Wars, bases, and money. The three are inextricably tied together.

In the 1980s, for example, American support for jihadis like Osama bin Laden waging war on (Soviet) infidels who invaded and constructed bases in Afghanistan, a Muslim land, led to rage by many of the same jihadis at the bases (U.S.) infidels built in the Muslim holy land of Saudi Arabia in the 1990s. That, in turn, led to jihadis like bin Laden declaring war on those infidels, which, after September 11, 2001, led the Bush administration to launch, and then prosecute, a Global War on Terror, often from newly built bases in Muslim lands. Over the last seven years, the results of that war have been particularly disastrous for Iraqis and Afghans. Sizable numbers of Americans, however, are now beginning to suffer as well. After all, their hard-earned taxpayer dollars have been poured into wars without end, leaving the country deeply in debt and in a state of economic turmoil.

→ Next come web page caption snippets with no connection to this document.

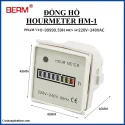 Đồng Hồ Hour Meter Hiệu Berm
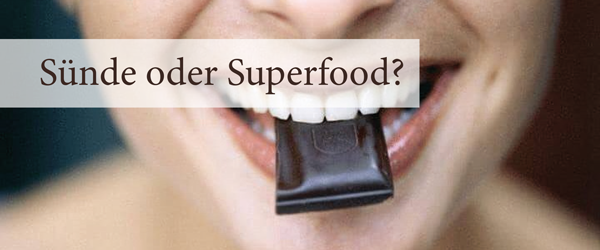 Dunkle Schokolade – Sünde oder Superfood?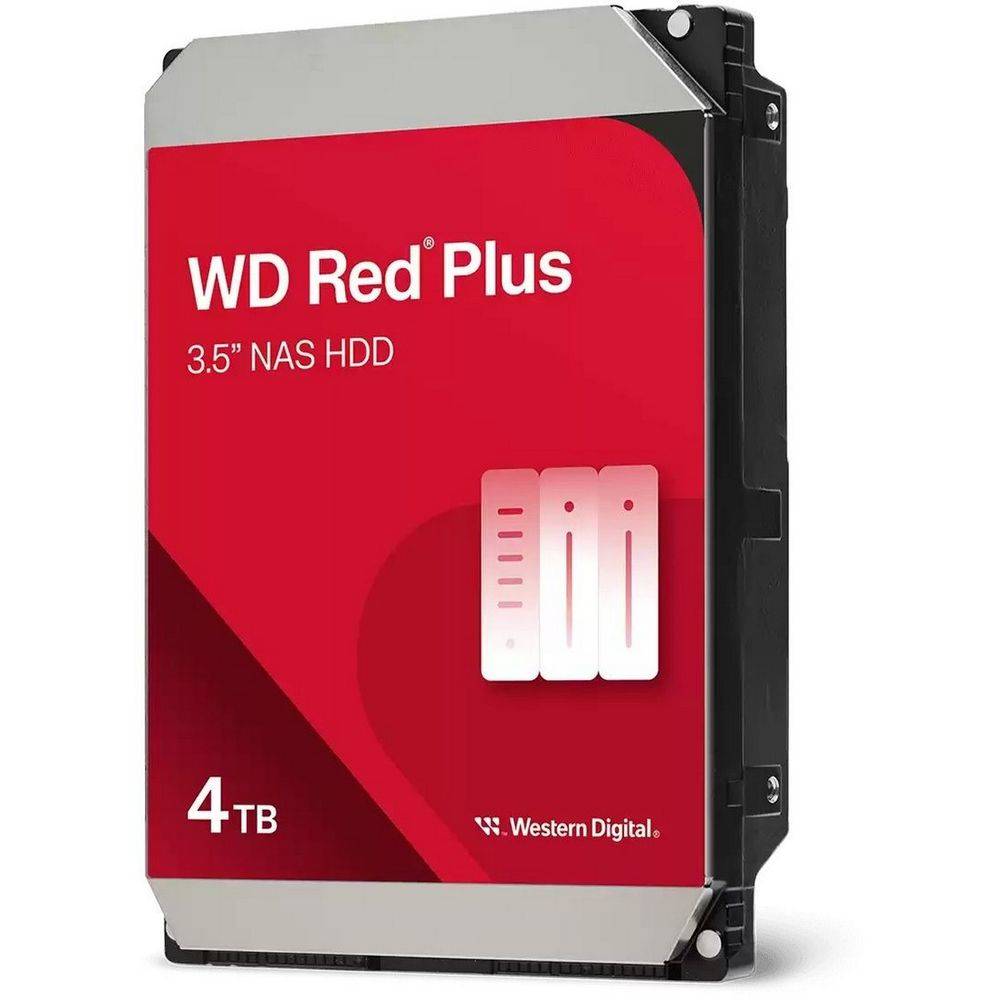 Жесткий диск Western Digital WD40EFZZ, 4 ТБ, 3.5", SATA, 5400 rpm, CMR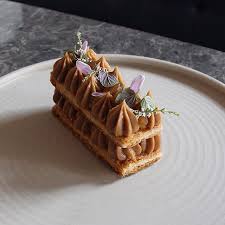 Apple Tarte Tatin Mille Feuille L Find My Our Recipe For This Dessert In This M Apple Dessert Feuille Find Apple Tarte Tatin Desserts French Desserts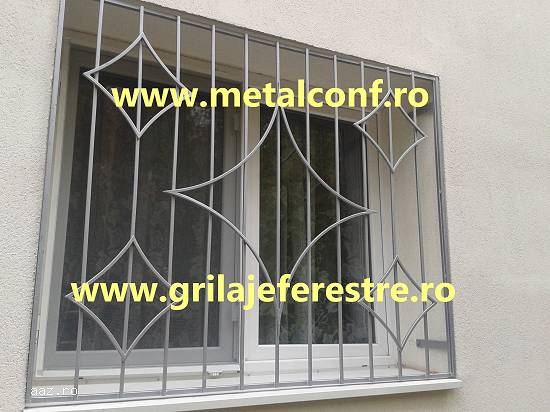 GRILAJE FERESTRE METALICE IN BUCURESTI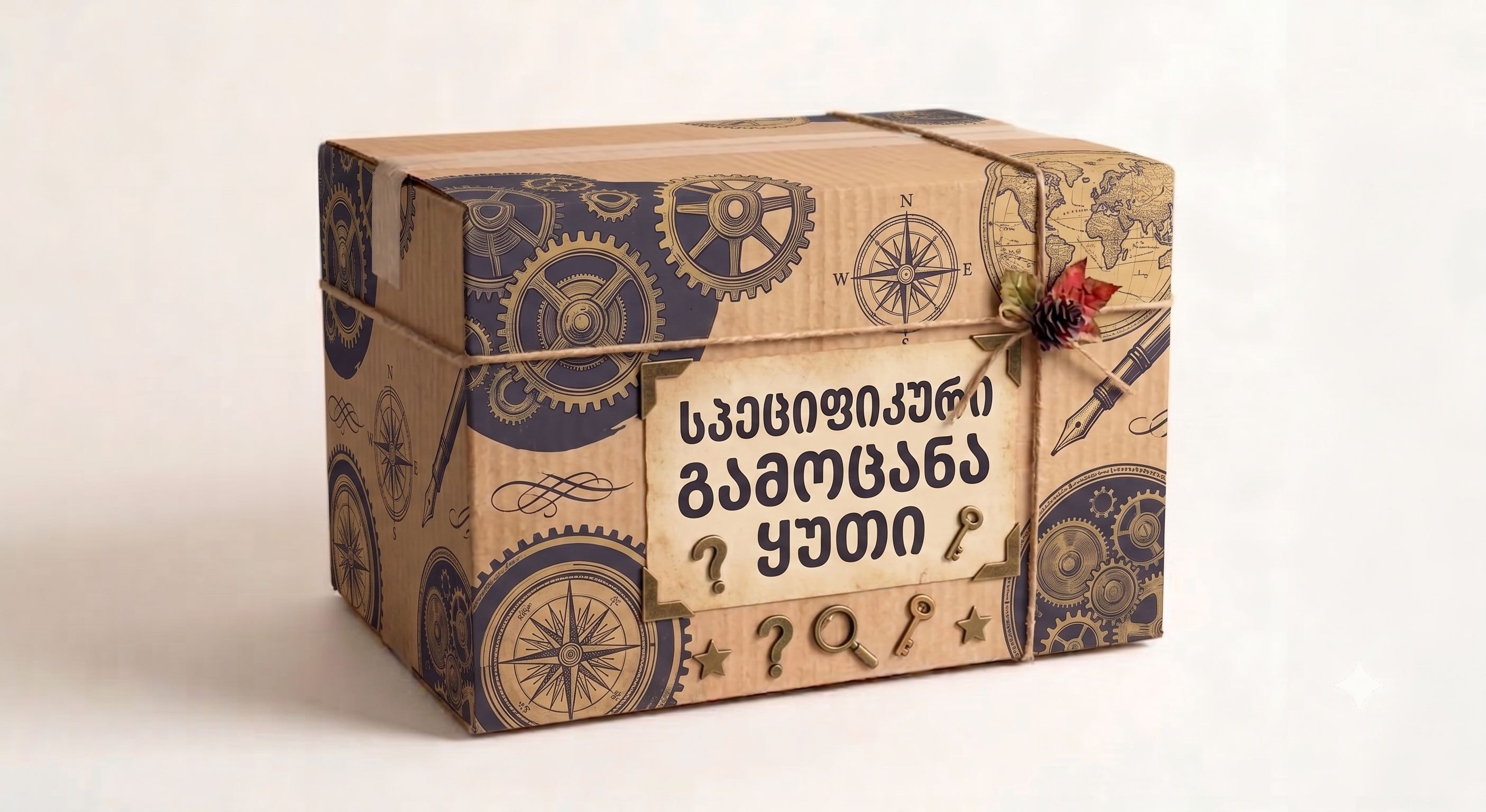 სპეციფიკური Mystery Box – 8 კგ [3X მეტი ღირებულება]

In his 1988 State of the Union message, President Ronald Reagan called the jihadis in Afghanistan "freedom fighters." They were, of course, fighting the Soviet Union then. He, too, pledged eternal enmity against the Soviet Union, which he termed an "evil empire." For years, conservatives have claimed that Reagan not only won his Afghan War, but by launching an all-out arms race, which the economically weaker Soviet Union couldn't match, bankrupted the Soviets and so brought their empire down.

While that version of history may be disputed, today, it is entirely possible that one of Reagan's freedom fighters, Osama bin Laden, actually returned the favor by perfecting the art of financially felling a superpower. While Reagan ran up a superpower-sized tab to outspend the Soviets, bin Laden has done it on the cheap. Essentially for the cost of box cutters and flight training, he got the Bush administration to spend itself into penury, without a superpower in sight.

The rest.

—Jonathan Schwarz

Posted at October 29, 2008 10:46 AM
Comments

ARE WE talking actual cuts or just cuts in rate of growth?

Posted by: Mike Meyer at October 29, 2008 03:46 PM

Nowhere in the piece he explains who (apart from the military contractors) benefits from garrisoning the world. Access to natural resources, cheap labor, commodities markets.

For the average American, is it all a complete waste? I doubt it. And if it isn't, what's the bottom line?

Posted by: abb1 at October 29, 2008 04:55 PM

What has "bin Laden" gained? Homeless Americans, is that his goal? The military bases aren't going to shut down, McObomba will build more and more, and bomb more and more. The benefactors of 911 are the people who get those trillions of dollars in war spending.